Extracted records
##############################

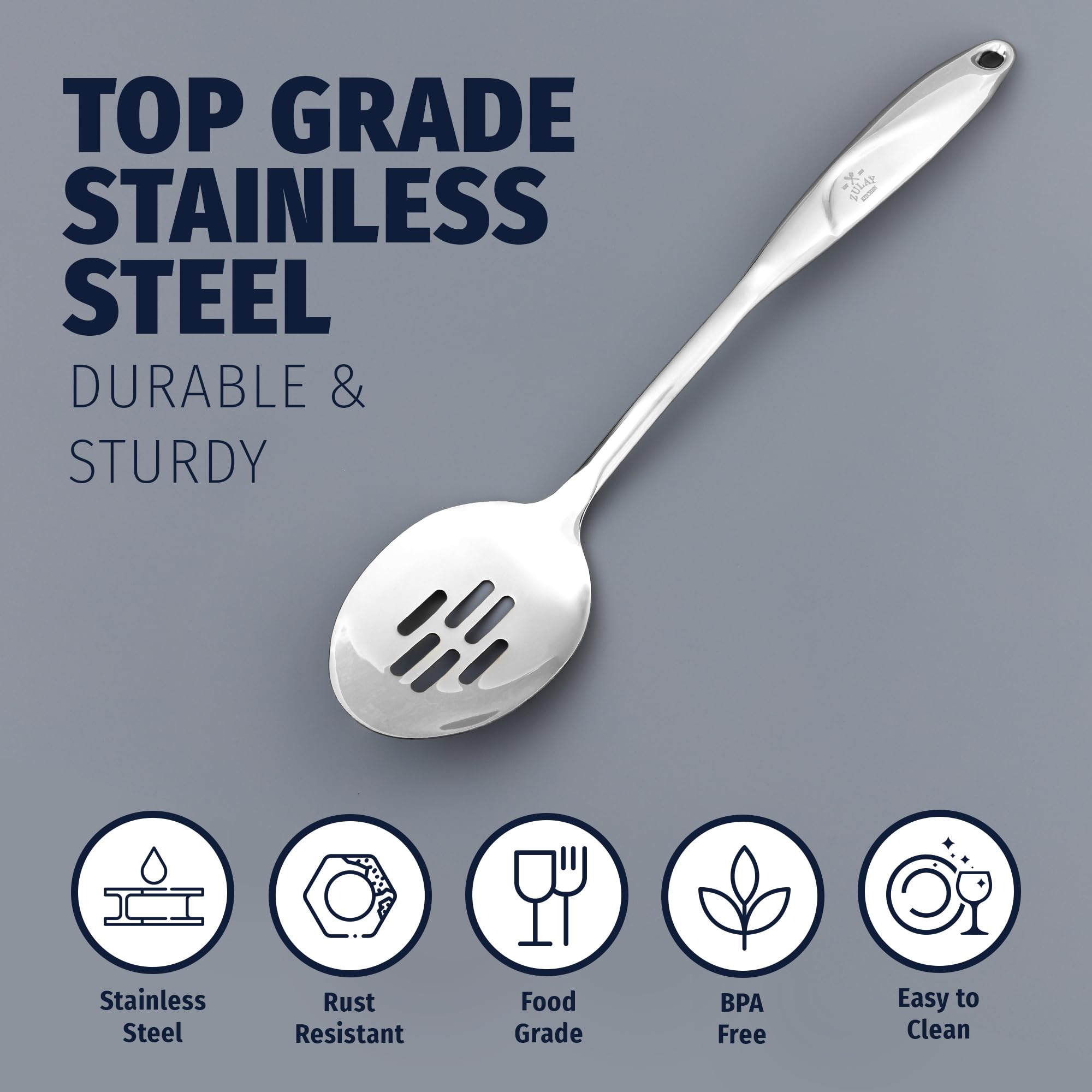 Zulay Kitchen slotted spoon rust-proof stainless steel for lasting use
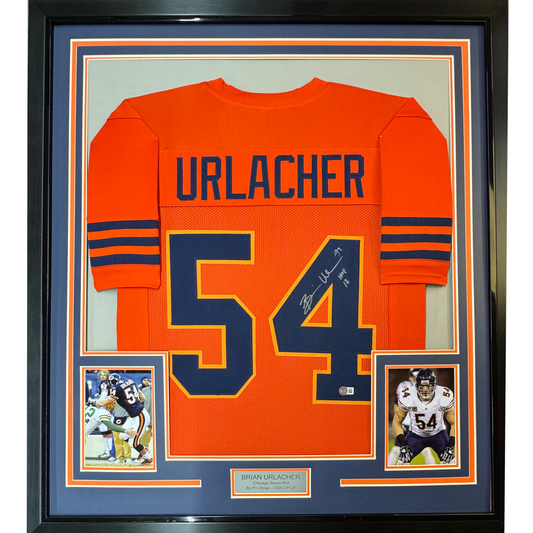 Framed Autographed/Signed Brian Urlacher 35x39 HOF 18 Chicago Orange Retro Football Jersey Beckett BAS COA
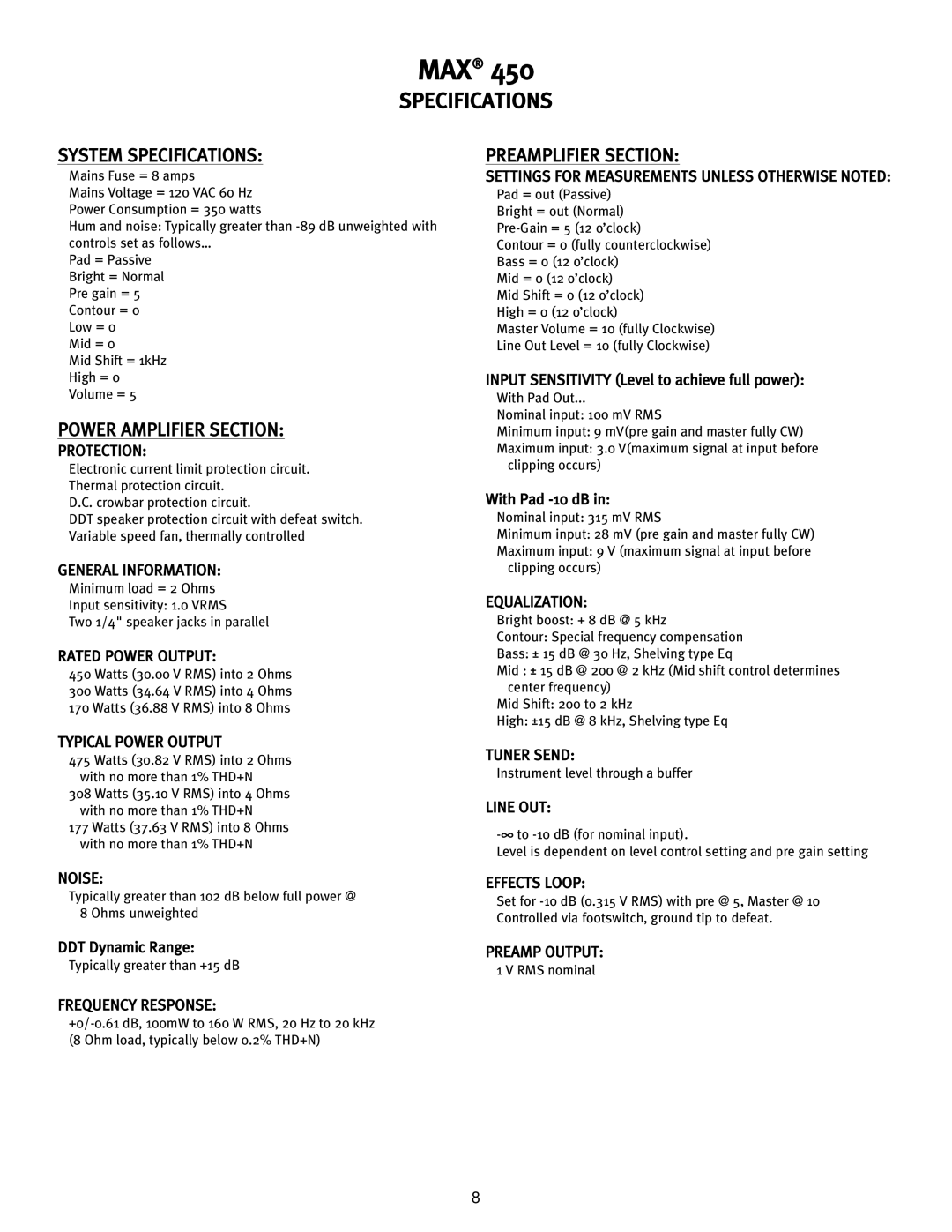 Peavey 450 operation manual System Specifications, Power Amplifier Section, Preamplifier Section 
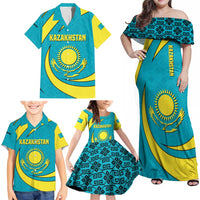 Kazakhstan National Flag Family Matching Off Shoulder Maxi Dress and Hawaiian Shirt with Mangilik El Bald Eagle and Blue Tribal Pattern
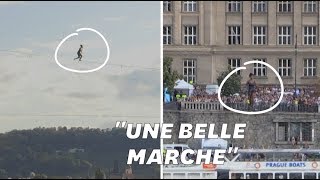 Une funambule française traverse Prague comme personne ne l’a jamais fait [upl. by Alikahs]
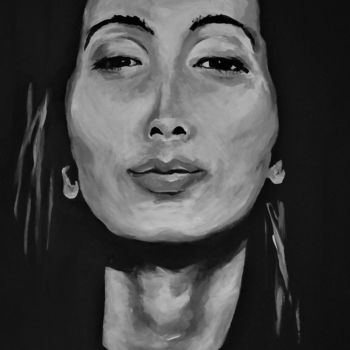 Schilderij getiteld "portrait femme noir…" door Brigitte Benitah, Origineel Kunstwerk, Acryl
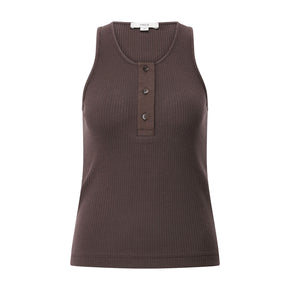 Geripptes Tanktop L / Dunkelbraun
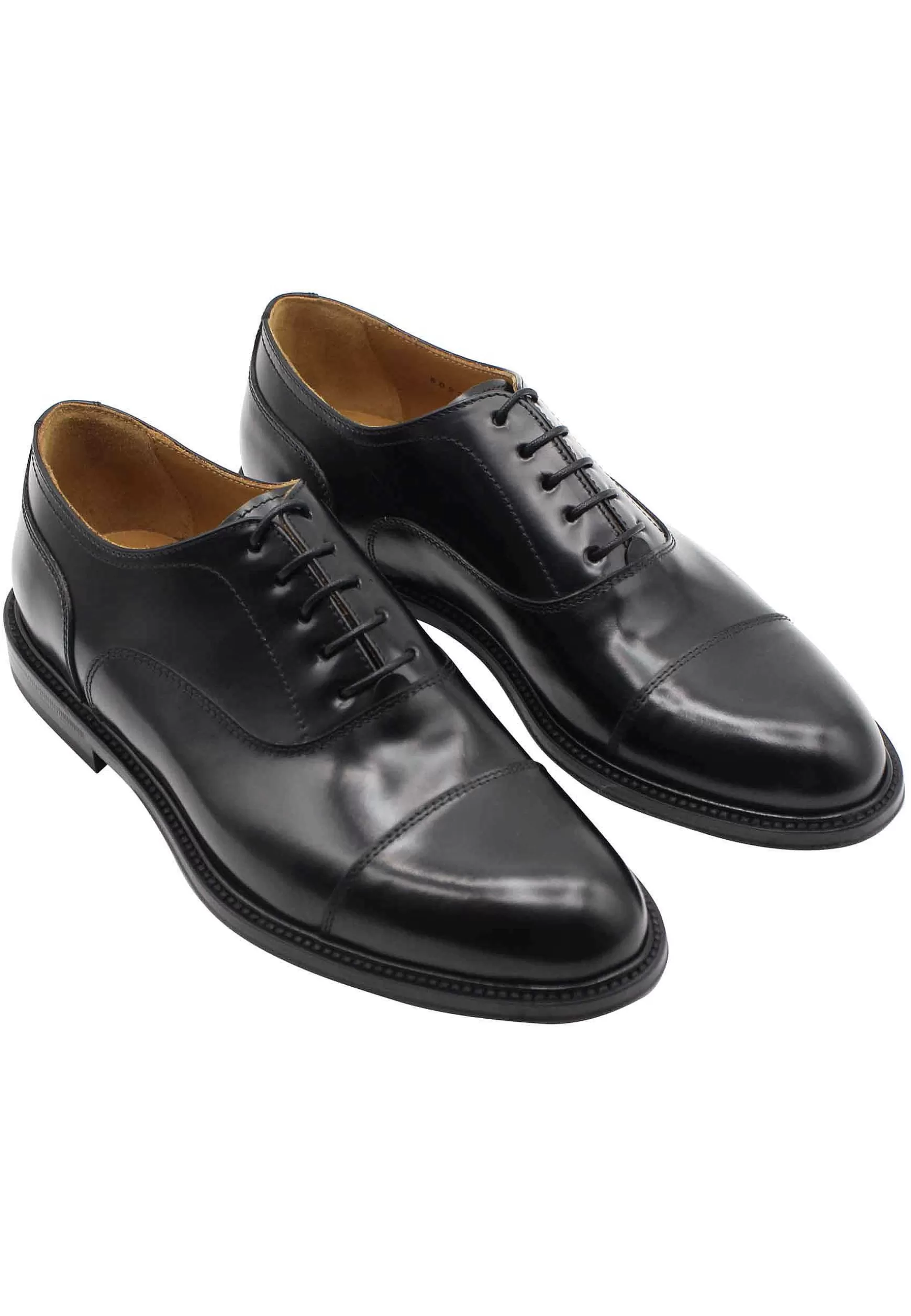 Stringate Uomo In Pelle Nera Con Suola In Cuoio Cucita*Green George Best Sale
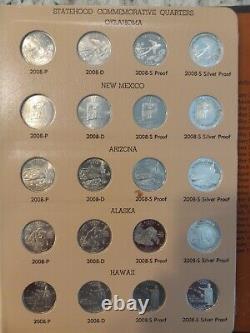 1999-2008 Statehood Quarters Complete Set P-d-s- Uncs Proofs- Silver Proofs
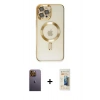 MARSİLYAN™- iPhone 12 Pro Max Kılıf Nova Işık Özel Seri - Siyah 6D Mat Seramik Hayalet Nano Ekran Koruyucu + Neon Fosforlu Kamera Lens - SI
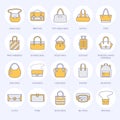 Women handbags flat line icons. Bags types - crossbody, backpacks, clutch, totes, hobo, leather briefcase, luggage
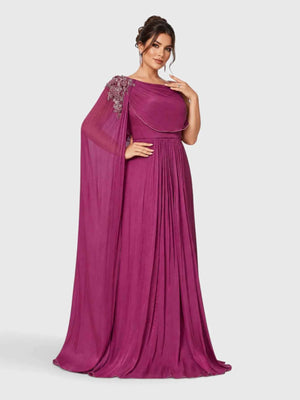 Vestido de Festa Plus Size com Capa Bordado Argelia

##############################

YOUR GOAL: Return every line shown above without changing a word, and skip the pictures.

ANSWER TO THIS TASK:
 Zulay Kitchen slotted spoon rust-proof stainless steel for lasting use
 Framed Autographed/Signed Brian Urlacher 35x39 HOF 18 Chicago Orange Retro Football Jersey Beckett BAS COA
 Peavey 450 operation manual System Specifications, Power Amplifier Section, Preamplifier Section 
 Kazakhstan National Flag Family Matching Off Shoulder Maxi Dress and Hawaiian Shirt with Mangilik El Bald Eagle and Blue Tribal Pattern
 Une funambule française traverse Prague comme personne ne l’a jamais fait [upl. by Alikahs]
 Schilderij getiteld "portrait femme noir…" door Brigitte Benitah, Origineel Kunstwerk, Acryl
 Geripptes Tanktop L / Dunkelbraun
 Stringate Uomo In Pelle Nera Con Suola In Cuoio Cucita*Green George Best Sale
 1999-2008 Statehood Quarters Complete Set P-d-s- Uncs Proofs- Silver Proofs
 MARSİLYAN™- iPhone 12 Pro Max Kılıf Nova Işık Özel Seri - Siyah 6D Mat Seramik Hayalet Nano Ekran Koruyucu + Neon Fosforlu Kamera Lens - SI
 Women handbags flat line icons. Bags types - crossbody, backpacks, clutch, totes, hobo, leather briefcase, luggage
 Vestido de Festa Plus Size com Capa Bordado Argelia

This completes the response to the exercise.